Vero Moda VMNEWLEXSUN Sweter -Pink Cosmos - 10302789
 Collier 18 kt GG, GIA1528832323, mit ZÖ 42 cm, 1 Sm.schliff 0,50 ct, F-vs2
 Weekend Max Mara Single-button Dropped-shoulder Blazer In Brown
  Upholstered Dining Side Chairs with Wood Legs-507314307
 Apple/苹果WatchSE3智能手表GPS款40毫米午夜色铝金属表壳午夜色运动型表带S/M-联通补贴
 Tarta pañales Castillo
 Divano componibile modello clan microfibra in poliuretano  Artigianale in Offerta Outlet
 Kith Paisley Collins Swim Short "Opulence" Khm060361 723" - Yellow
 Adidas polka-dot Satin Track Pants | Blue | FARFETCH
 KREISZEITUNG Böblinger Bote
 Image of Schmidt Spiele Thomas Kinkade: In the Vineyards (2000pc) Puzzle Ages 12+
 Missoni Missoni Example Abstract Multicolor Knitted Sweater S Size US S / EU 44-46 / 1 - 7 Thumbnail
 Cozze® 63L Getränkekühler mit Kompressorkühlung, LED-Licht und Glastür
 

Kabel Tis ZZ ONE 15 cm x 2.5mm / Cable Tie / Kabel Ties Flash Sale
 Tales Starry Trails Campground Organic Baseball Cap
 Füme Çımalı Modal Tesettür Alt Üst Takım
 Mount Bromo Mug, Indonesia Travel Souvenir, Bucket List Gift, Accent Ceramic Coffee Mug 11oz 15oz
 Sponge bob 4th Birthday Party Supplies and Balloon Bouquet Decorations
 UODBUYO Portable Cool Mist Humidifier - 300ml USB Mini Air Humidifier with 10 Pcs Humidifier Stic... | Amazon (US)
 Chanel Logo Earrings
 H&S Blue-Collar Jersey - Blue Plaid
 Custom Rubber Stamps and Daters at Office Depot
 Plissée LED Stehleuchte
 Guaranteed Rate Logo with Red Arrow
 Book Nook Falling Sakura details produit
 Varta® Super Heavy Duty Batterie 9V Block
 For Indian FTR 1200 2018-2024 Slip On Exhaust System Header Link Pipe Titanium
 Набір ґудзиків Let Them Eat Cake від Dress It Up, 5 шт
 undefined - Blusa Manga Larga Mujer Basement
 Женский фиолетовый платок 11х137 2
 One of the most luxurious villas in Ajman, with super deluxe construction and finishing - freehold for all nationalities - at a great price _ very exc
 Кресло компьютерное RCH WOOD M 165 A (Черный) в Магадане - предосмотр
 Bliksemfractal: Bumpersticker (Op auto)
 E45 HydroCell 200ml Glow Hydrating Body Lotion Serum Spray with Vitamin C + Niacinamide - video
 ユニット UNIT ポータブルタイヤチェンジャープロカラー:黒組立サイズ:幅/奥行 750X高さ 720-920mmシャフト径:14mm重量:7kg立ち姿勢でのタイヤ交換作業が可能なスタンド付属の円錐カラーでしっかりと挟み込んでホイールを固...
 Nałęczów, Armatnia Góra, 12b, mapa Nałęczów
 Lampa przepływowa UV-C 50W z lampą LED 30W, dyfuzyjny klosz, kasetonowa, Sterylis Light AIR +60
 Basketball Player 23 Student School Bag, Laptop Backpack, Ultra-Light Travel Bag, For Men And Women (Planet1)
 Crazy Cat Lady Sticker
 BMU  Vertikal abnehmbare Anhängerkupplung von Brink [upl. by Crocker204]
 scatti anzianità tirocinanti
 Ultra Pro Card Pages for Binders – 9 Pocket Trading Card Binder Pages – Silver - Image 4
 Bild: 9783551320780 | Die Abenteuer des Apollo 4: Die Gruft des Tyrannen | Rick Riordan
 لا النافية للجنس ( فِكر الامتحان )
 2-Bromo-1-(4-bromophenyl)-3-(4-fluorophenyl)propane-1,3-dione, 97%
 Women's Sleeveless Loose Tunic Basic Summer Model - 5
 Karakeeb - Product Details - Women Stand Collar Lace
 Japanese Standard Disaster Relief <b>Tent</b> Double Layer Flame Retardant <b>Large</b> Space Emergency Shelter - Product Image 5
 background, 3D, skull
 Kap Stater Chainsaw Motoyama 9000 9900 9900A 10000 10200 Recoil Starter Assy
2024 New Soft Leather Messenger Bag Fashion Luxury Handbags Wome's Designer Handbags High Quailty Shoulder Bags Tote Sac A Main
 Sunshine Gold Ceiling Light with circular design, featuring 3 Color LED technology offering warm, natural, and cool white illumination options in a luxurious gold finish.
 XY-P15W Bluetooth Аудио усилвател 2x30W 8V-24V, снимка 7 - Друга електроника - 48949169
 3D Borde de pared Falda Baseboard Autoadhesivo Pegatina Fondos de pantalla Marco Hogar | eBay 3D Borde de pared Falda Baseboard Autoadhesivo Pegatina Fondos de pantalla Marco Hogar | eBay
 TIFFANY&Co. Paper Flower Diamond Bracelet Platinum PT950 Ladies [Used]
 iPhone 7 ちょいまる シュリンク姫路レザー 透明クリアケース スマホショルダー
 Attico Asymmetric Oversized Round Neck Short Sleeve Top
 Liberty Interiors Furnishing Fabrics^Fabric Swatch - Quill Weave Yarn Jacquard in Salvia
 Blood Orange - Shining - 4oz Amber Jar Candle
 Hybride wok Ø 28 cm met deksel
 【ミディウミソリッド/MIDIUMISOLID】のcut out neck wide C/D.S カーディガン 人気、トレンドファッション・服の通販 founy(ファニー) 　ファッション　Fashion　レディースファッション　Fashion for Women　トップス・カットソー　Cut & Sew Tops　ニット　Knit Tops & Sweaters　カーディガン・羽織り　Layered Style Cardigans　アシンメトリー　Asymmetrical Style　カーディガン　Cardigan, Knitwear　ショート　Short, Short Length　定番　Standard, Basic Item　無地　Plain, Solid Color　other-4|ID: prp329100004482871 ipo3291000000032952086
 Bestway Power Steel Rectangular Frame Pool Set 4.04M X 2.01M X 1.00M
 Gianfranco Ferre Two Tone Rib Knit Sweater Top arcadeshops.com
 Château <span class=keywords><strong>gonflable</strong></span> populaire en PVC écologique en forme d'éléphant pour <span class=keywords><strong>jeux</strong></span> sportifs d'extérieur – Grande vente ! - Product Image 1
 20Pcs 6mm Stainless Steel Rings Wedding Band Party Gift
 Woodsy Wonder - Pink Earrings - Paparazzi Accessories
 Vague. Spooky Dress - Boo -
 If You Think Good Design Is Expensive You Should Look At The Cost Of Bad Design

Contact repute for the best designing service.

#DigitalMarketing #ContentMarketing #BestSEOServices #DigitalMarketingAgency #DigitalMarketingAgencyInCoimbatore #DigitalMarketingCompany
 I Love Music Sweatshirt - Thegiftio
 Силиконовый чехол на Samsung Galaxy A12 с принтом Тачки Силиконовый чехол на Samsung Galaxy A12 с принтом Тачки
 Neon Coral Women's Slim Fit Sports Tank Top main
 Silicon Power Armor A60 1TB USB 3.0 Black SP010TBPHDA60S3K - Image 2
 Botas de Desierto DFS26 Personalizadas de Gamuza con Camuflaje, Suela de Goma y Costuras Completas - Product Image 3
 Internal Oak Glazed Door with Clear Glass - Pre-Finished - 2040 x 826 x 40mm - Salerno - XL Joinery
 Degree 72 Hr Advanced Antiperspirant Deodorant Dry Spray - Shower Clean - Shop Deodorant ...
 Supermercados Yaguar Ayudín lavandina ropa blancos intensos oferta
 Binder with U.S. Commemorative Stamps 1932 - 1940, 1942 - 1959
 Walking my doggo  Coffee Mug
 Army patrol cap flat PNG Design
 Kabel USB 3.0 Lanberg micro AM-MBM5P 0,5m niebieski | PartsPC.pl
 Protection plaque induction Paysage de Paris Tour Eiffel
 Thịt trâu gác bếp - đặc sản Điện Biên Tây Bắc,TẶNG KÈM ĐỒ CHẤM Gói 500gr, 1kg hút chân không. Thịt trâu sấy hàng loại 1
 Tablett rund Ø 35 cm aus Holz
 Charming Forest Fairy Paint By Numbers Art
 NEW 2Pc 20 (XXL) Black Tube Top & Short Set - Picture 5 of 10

● ● ●

→ **Exercise instructions**
Your task is to set down again, exactly, every line from the beginning of the listing through the line with "Tarta pañales Castillo".

→ **Task result**
Vero Moda VMNEWLEXSUN Sweter -Pink Cosmos - 10302789
 Collier 18 kt GG, GIA1528832323, mit ZÖ 42 cm, 1 Sm.schliff 0,50 ct, F-vs2
 Weekend Max Mara Single-button Dropped-shoulder Blazer In Brown
  Upholstered Dining Side Chairs with Wood Legs-507314307
 Apple/苹果WatchSE3智能手表GPS款40毫米午夜色铝金属表壳午夜色运动型表带S/M-联通补贴
 Tarta pañales Castillo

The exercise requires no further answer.